Dismiss Notice
Join Physics Forums Today!
The friendliest, high quality science and math community on the planet! Everyone who loves science is here!

What is the best approach for extracting sentences from a text?

  1. Dec 10, 2013 #1
    I can't think of an elegant way to do it, and yet I need to, somehow.

    If you have a period followed by a space, then you know you're at the end of a sentence. Same with a period followed by a quotation marks (in the American way of writing. In the British way, they keep the quotation marks inside the periods). But wait ..... I just realized something else. If you have a name like E.B. White, that'll get cut off. D'oh! It gets more complicated when someone encloses multiple consecutive sentences in parentheses.

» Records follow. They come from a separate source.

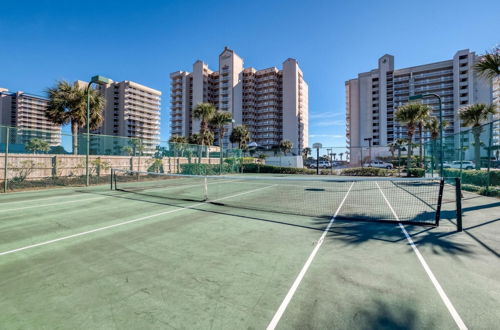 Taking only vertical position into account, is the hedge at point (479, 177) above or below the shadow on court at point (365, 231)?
above

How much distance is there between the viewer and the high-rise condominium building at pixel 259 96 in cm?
9944

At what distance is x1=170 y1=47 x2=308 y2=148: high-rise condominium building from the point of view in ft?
326

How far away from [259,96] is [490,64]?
10002 cm

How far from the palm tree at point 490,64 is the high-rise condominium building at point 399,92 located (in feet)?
254

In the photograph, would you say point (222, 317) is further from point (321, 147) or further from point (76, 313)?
point (321, 147)

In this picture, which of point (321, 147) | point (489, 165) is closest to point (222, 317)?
point (489, 165)

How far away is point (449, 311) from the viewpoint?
9.61ft

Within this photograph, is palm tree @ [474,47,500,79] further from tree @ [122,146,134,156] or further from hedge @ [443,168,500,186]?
tree @ [122,146,134,156]

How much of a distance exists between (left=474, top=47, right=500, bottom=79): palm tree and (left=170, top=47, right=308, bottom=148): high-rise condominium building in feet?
288

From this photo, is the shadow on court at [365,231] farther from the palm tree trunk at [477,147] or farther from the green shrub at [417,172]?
the green shrub at [417,172]

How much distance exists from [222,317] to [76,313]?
1.80 meters

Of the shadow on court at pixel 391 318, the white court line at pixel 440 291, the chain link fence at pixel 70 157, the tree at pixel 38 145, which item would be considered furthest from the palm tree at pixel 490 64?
the tree at pixel 38 145

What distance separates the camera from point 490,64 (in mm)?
10281

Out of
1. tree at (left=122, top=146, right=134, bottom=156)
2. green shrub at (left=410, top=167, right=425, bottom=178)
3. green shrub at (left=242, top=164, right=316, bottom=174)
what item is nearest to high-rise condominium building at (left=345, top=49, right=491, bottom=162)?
green shrub at (left=242, top=164, right=316, bottom=174) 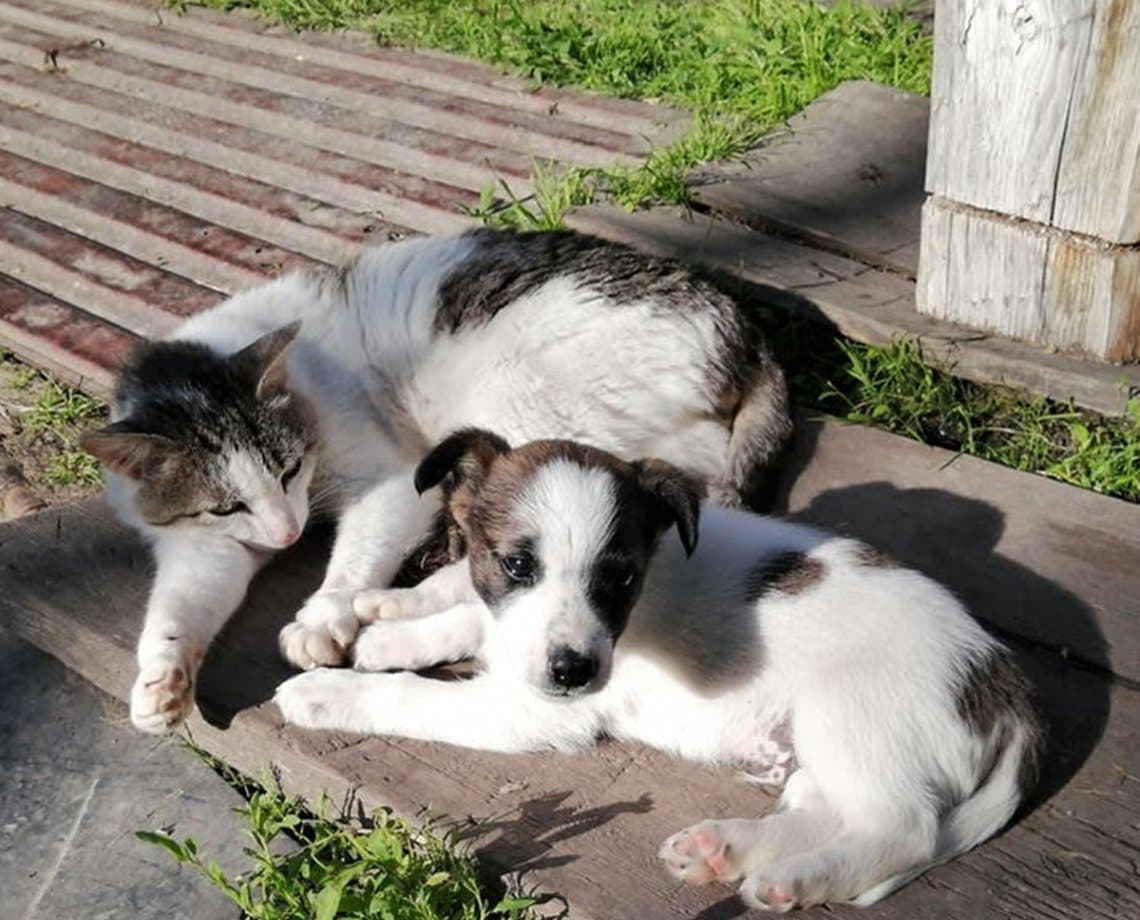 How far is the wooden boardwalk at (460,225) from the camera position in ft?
10.3

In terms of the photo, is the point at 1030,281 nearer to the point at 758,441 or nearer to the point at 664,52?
the point at 758,441

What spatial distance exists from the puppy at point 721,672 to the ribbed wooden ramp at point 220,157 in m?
2.60

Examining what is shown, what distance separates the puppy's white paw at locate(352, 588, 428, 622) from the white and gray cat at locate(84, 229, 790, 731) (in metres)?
0.04

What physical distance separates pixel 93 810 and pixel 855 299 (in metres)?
2.75

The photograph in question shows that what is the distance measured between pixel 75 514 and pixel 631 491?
1.91m

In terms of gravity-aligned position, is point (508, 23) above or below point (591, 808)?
above

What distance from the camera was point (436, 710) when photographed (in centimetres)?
342

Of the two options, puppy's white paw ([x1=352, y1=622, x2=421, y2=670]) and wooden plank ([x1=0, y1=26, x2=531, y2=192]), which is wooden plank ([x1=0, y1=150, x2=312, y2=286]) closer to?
wooden plank ([x1=0, y1=26, x2=531, y2=192])

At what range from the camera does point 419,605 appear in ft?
12.7

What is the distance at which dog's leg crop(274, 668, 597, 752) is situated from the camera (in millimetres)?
3361

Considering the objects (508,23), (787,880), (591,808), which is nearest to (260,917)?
(591,808)

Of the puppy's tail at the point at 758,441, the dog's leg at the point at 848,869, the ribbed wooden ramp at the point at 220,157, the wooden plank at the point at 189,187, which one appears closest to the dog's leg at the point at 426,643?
the puppy's tail at the point at 758,441

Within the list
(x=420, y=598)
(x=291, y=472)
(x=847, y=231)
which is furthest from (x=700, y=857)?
(x=847, y=231)

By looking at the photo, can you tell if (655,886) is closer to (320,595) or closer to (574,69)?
(320,595) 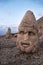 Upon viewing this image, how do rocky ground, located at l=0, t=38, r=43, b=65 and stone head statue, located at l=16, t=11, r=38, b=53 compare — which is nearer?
rocky ground, located at l=0, t=38, r=43, b=65

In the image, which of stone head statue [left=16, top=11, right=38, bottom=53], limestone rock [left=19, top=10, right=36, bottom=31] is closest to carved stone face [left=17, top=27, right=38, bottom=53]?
stone head statue [left=16, top=11, right=38, bottom=53]

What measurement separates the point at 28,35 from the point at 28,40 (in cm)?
48

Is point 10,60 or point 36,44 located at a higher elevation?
point 36,44

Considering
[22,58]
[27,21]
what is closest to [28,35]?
[27,21]

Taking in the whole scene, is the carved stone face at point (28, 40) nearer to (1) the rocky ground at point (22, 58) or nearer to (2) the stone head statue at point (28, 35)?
(2) the stone head statue at point (28, 35)

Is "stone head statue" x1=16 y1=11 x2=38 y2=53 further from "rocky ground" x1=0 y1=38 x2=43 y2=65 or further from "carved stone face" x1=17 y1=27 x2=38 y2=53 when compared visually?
"rocky ground" x1=0 y1=38 x2=43 y2=65

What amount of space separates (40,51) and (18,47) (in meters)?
2.01

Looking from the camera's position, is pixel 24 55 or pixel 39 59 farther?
pixel 24 55

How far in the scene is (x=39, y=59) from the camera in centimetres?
1512

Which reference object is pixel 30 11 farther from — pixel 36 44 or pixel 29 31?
pixel 36 44

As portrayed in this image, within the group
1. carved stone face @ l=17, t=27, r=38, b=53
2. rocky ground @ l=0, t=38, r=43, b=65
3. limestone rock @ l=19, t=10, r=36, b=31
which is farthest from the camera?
limestone rock @ l=19, t=10, r=36, b=31

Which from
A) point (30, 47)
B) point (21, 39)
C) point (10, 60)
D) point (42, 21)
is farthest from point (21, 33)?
point (42, 21)

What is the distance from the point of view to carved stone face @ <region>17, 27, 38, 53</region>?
54.9ft

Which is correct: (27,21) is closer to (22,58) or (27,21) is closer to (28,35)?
(28,35) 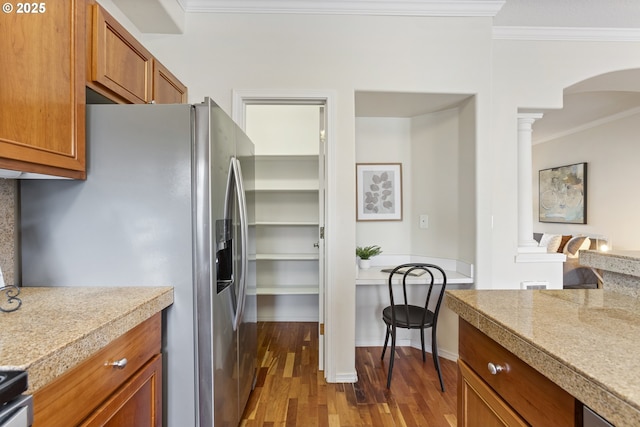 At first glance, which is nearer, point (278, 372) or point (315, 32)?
point (315, 32)

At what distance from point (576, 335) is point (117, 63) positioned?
1.98m

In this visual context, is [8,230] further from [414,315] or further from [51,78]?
[414,315]

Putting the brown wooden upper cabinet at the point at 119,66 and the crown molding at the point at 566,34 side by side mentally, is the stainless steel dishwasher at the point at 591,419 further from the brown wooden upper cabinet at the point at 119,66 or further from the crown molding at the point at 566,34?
the crown molding at the point at 566,34

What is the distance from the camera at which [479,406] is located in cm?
90

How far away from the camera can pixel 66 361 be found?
0.71m

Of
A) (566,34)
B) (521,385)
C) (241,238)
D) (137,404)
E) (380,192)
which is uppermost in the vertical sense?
(566,34)

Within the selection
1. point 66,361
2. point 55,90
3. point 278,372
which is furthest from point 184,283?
point 278,372

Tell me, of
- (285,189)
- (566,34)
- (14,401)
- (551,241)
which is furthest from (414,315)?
(551,241)

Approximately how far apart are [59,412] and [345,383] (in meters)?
1.82

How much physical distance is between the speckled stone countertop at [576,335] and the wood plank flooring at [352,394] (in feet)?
4.01

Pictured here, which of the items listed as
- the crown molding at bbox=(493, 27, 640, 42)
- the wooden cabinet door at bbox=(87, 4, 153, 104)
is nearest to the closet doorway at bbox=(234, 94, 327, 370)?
the wooden cabinet door at bbox=(87, 4, 153, 104)

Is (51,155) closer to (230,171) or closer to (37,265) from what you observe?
(37,265)

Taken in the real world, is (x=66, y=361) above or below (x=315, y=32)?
below

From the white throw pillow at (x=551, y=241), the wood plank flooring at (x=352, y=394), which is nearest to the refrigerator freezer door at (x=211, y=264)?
Result: the wood plank flooring at (x=352, y=394) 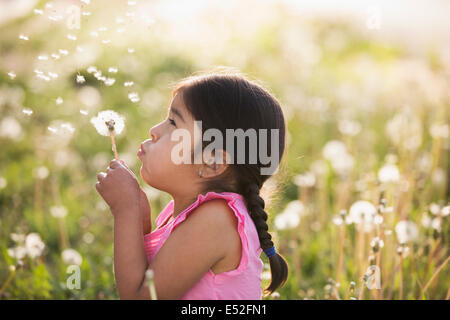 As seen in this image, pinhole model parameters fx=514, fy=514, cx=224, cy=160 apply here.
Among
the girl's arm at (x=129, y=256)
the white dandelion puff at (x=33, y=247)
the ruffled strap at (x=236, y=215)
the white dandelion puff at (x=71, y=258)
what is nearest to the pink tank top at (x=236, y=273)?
the ruffled strap at (x=236, y=215)

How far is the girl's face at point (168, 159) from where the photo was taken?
5.08 feet

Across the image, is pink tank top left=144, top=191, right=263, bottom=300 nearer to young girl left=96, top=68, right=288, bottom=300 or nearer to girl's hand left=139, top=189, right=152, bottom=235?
young girl left=96, top=68, right=288, bottom=300

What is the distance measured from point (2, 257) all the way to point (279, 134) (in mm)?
1604

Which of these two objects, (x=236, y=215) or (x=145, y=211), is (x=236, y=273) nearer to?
(x=236, y=215)

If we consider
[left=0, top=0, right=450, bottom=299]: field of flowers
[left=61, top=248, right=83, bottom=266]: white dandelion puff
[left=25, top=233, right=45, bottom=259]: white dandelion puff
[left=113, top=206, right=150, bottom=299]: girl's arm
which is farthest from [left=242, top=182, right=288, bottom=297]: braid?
[left=61, top=248, right=83, bottom=266]: white dandelion puff

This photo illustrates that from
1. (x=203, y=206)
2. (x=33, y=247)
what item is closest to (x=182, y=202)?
(x=203, y=206)

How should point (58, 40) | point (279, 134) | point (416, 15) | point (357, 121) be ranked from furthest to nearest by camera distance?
point (416, 15), point (58, 40), point (357, 121), point (279, 134)

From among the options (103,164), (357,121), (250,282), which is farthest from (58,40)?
(250,282)

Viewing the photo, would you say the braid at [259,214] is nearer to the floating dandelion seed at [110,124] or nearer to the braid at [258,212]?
the braid at [258,212]

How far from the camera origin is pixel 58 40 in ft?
20.9

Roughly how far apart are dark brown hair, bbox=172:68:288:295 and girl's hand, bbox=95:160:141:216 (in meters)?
0.23

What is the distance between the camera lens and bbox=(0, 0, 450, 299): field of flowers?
2123 mm

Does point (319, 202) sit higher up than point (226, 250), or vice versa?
point (226, 250) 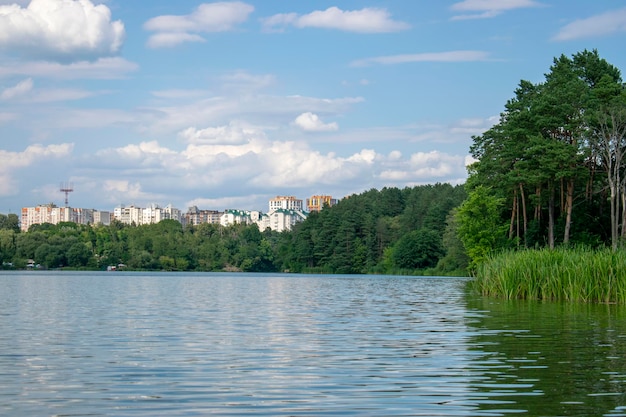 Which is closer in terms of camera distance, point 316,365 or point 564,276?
point 316,365

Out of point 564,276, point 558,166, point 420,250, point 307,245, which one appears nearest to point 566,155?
point 558,166

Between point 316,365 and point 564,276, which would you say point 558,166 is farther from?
point 316,365

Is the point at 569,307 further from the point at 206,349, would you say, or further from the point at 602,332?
the point at 206,349

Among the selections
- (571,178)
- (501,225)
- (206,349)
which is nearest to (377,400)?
(206,349)

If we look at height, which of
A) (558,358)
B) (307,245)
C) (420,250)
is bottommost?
(558,358)

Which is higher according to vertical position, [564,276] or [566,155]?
[566,155]

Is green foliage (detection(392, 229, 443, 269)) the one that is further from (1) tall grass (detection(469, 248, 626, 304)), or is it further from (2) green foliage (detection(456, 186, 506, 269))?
(1) tall grass (detection(469, 248, 626, 304))

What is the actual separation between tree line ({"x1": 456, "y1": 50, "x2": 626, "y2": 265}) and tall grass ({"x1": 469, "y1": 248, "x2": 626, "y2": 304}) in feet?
69.9

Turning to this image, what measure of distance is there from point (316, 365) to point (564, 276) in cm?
2018

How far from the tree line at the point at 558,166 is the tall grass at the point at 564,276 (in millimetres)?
21296

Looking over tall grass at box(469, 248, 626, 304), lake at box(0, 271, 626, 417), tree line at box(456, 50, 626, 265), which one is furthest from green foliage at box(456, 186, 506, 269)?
lake at box(0, 271, 626, 417)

    Is this futile? I might have to go about my plagiarism detection program by another means. Looking for highly correlative sentences between texts cannot possibly work unless there's a good way of finding sentences.
  2. jcsd
  3. Dec 10, 2013 #2


    User Avatar
    Gold Member

    Why do you need to worry about full sentences? Surely there are other approaches. For example, break text up into strings that each end, say, 5 characters in FRONT of a period, discard the next 10 characters and then start the next string. Surely something even that simple would catch most high correlations.
  4. Dec 10, 2013 #3
    Because people think in terms of sentences. That's how we separate our thoughts. By the way, my program catches if a plagiarist tried to combine or split sentences in an effort to distance his writing from the copied text.

    Hmmm ... Not a bad idea.
  5. Dec 10, 2013 #4


    User Avatar
    Science Advisor
    Homework Helper

    If plagiarists are going to combine or break up "sentences" to hide their activity, looking for "sentences" is the wrong strategy anyway.

    Why not just look for matching character strings. e.g. fairly short strings that occur rarely in the allegedly plagiarized text?

    I once wrote some software to do "industrial archeology" on different versions of computer software that worked like that. Hunting down matching occurrences of strings like "i = 0" was a waste of time, but there were plenty of unique text strings to match up, without "knowing" anything about the programming language syntax or what the code was supposed to be doing. I don't think I used any knowledge about the language syntax except to ignore all white space, regardless of whether or not it was significant.
  6. Dec 10, 2013 #5
    I'm looking at the percentage of words shared in common between pairs of sentences. The percentage is calculated on the size of the smaller sentence (so there will be a 100% match if one sentence is contained in another). If S and T are the sets of words in two sentences, then I'm looking at

    (number of elements in smaller{S,T} that are contained in larger{S,T}) / sizeof(smaller{S,T})
  7. Dec 10, 2013 #6

    jim mcnamara

    User Avatar

    Staff: Mentor

    Detecting plagiarism usually starts with breaking text into words, doing word counts, and looking for phrases that have the same Levenshtein distances.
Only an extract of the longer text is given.